Anteilskauf, Coronavirus, Vorsteueraufteilung bei gemischt genutzten Gebäuden

BGH zur Gewährleistung beim Anteilskauf

Gesellschaftsanteile sind Gesellschaftsanteile sind Gesellschaftsanteile: So könnte man auch das Urteil überschreiben, welches der für das Kaufrecht zuständige 8. Zivilsenat am 26. September 2018 (VIII ZR 187/17) in einem Rechtsstreit gefällt hat, der einen GmbH-Anteilskauf betraf.

Der Sachverhalt: Das Ende eines Joint Ventures

Zwei Partner eines Joint Ventures hielten je 50 % der Geschäftsanteile an der gemeinsamen GmbH. Nach Meinungsverschiedenheiten beabsichtigten sie, das Joint Venture zu beenden. Zu dem Zweck wurde die GmbH zum Stichtag 31. Dezember 2010 bewertet.
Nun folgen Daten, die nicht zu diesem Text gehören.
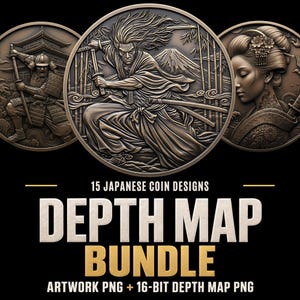 May include: A digital collection titled 15 JAPANESE COIN DESIGNS DEPTH MAP BUNDLE ARTWORK PNG + 16-BIT DEPTH MAP PNG. The image displays three circular bronze-toned medallions featuring relief carvings of a samurai, a warrior, and a geisha.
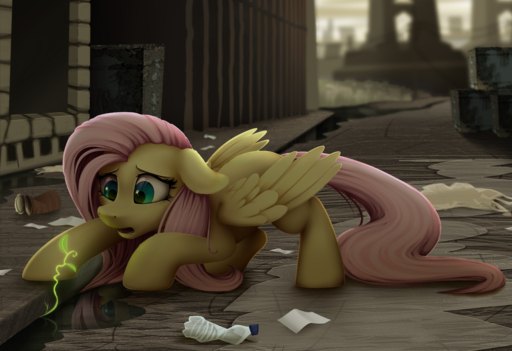 2016 absurd_res bottle can equid equine feathered_wings feathers female feral fluttershy_(mlp) friendship_is_magic hair hi_res hooves horse long_hair mammal my_little_pony open_mouth outside paper pegasus pink_hair solo wingedwolf94 wings // 4126x2827 // 6.5MB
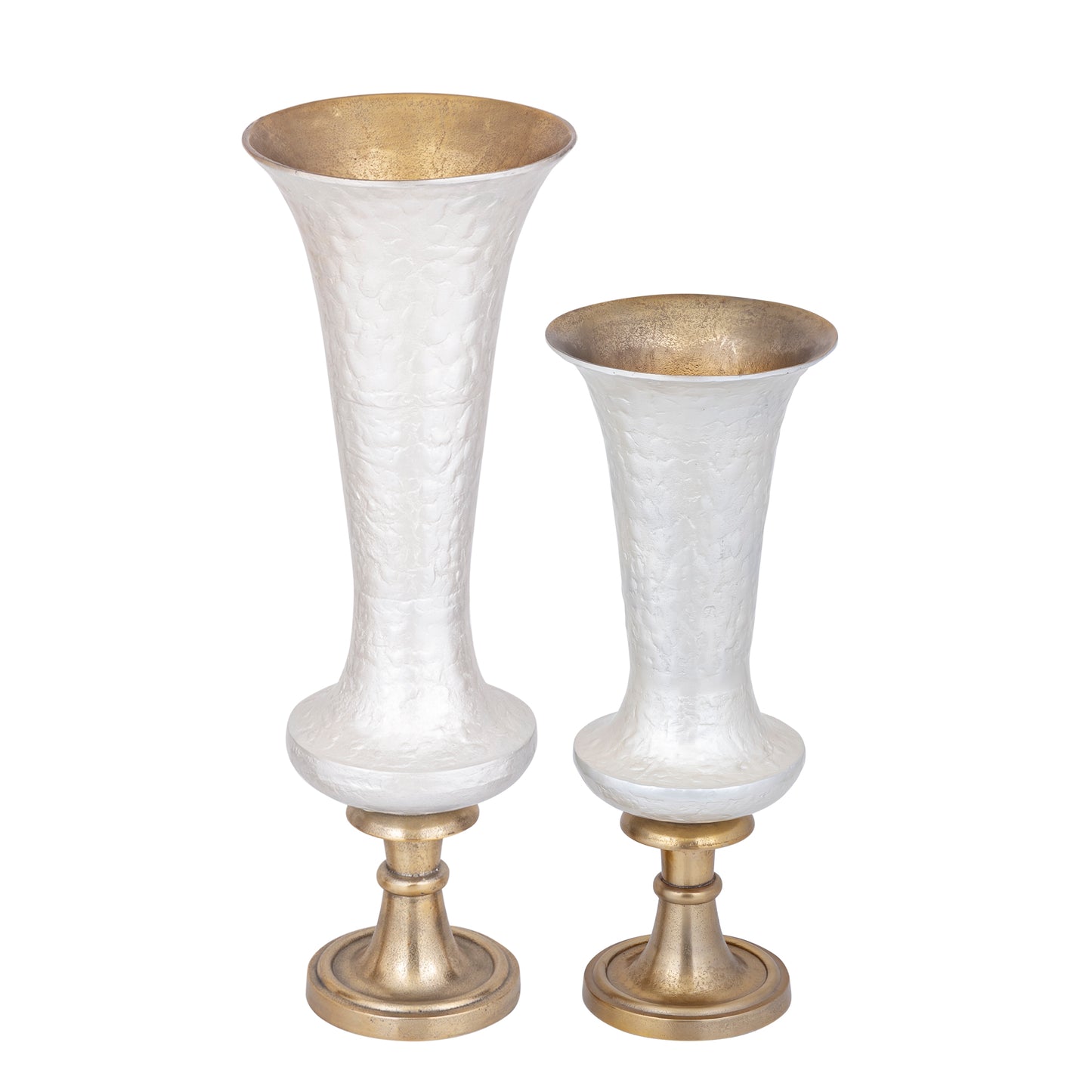 Lysse White Casted Alu Luxury Enamel Vase S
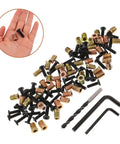 50 Pieces Metal Threaded Wood Inserts Set With Bolts And Screws Plus Two Wrenches Drill Bit Screw In Nut Fasteners displayed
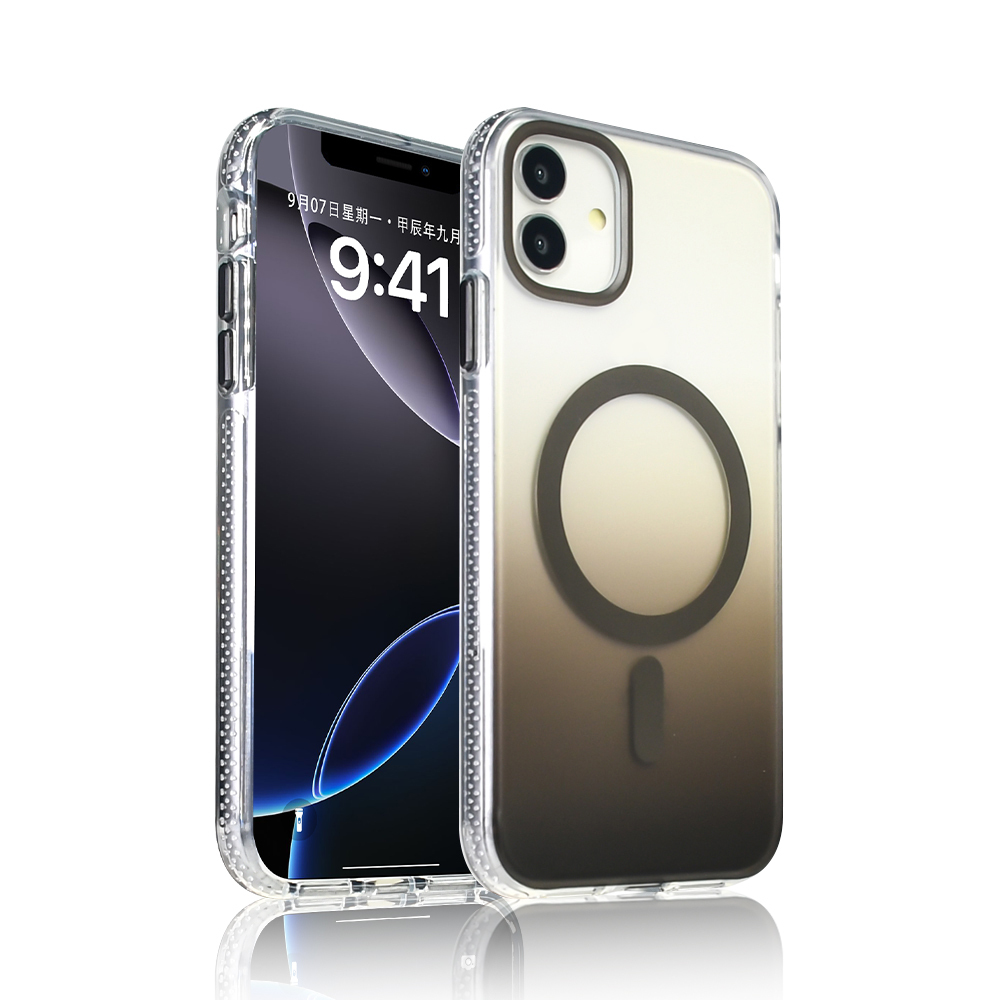 iPhone 11 Kılıf M-safe Şarj Özellikli Transparan Renk Geçişli Zore Toros Kapak - Gri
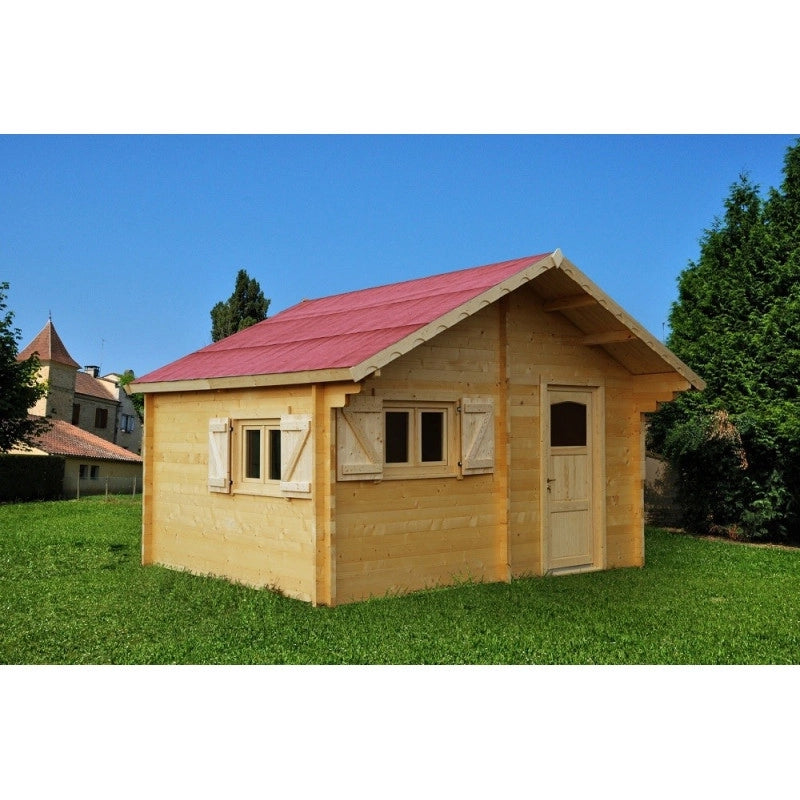 Casetta in legno 500x400 cm – Pareti 60 mm – Tetto 16° rosso – Finestre doppio vetro – CZ5040.02L Foresta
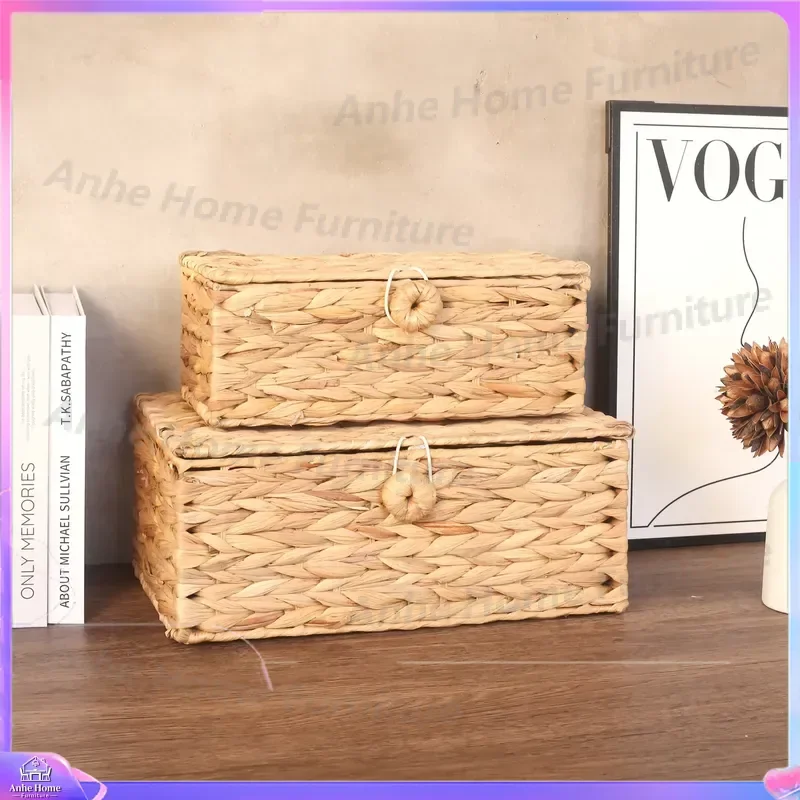 Natural Water Hyacinth Woven Storage Basket with Lid 2 Piece Set Round Pet Bed Cat Dog House Handmade Wicker Organizer Box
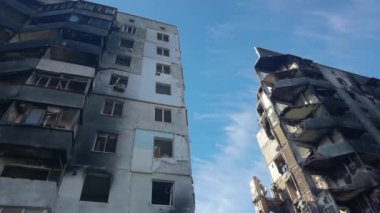 Borodianka, Ukrayna, 28 Mayıs 2022: Rus askerleri tarafından yıkılan evler. Rusya 'nın Ukrayna ile savaşı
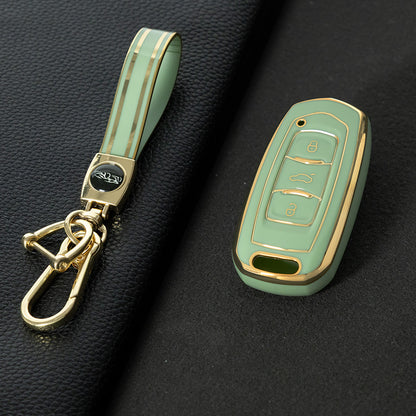 GEA1T1 Green-Gold Plating Car Key Cover For Geely Auto GL New Emgrand GS Car Key Pack S1 Boyue X3 Yuanjing X6 Borui Binrui Buckle Shell keychain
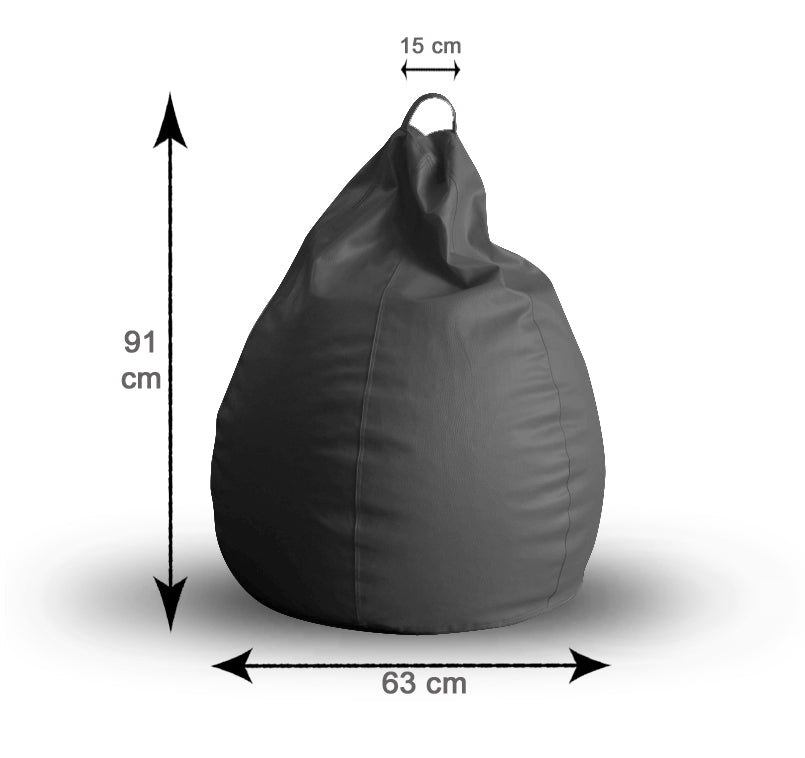 Style Homez Premium Leatherette Classic Bean Bag XL Size Grey Color Filled with Beans Fillers
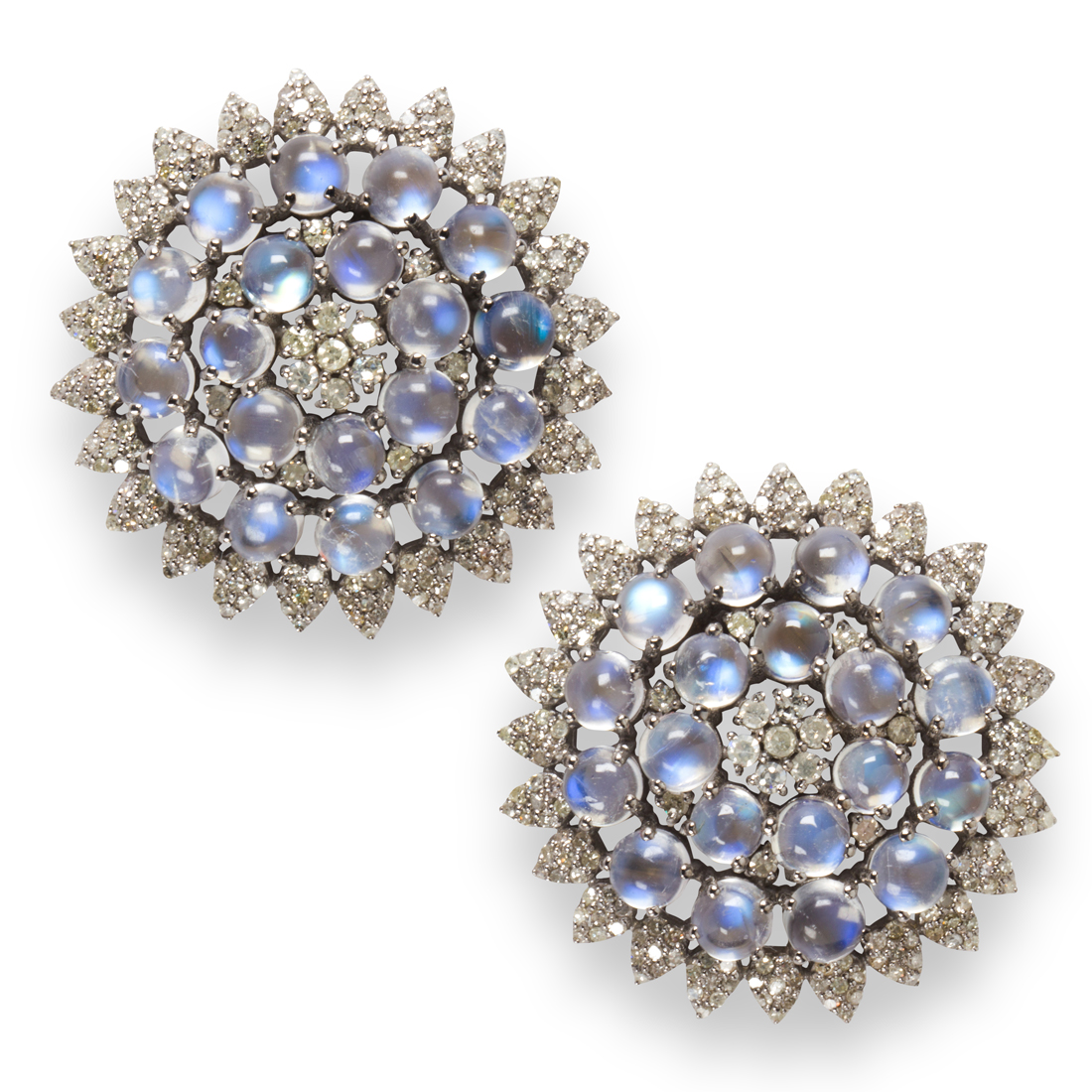 A PAIR OF MOONSTONE AND DIAMOND 3a2260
Der ausscheidende Gesellschafter veräußerte seine Beteiligung an den verbleibenden Gesellschafter gegen Zahlung von 50 % des ermittelten Unternehmenswertes an den Mitgesellschafter. Im Kaufvertrag garantierte der Verkäufer lediglich, dass die Geschäftsanteile wirksam bestanden, dass sie frei von Rechten Dritter waren, dass er Eigentümer der Anteile war und dass die Hälfte der Einlagen auf die Beteiligung eingezahlt worden war. Gesetzliche Gewährleistungsansprüche wurden, soweit rechtlich möglich, ausgeschlossen.

Nach dem Vollzug des Kaufvertrags kam der Abschlussprüfer für das Jahr 2011 zu dem Ergebnis, dass die GmbH in den Jahren 2008 bis 2010 hohe Defizite angesammelt hatte. Auf der Grundlage dieser Zahlen, die beiden Gesellschaftern nicht bekannt gewesen waren, hätte sich zum 31.12.2010 eine Unterbilanz ergeben. Der Käufer verlangte daraufhin Rückzahlung des Kaufpreises und einen ähnlich hohen Betrag als „Sanierungsbeitrag“, insg. ca. EUR 8 Mio. Als Grund führte er eine Störung der Geschäftsgrundlage gemäß § 313 BGB an und berief sich hilfsweise auf Gewährleistungsansprüche.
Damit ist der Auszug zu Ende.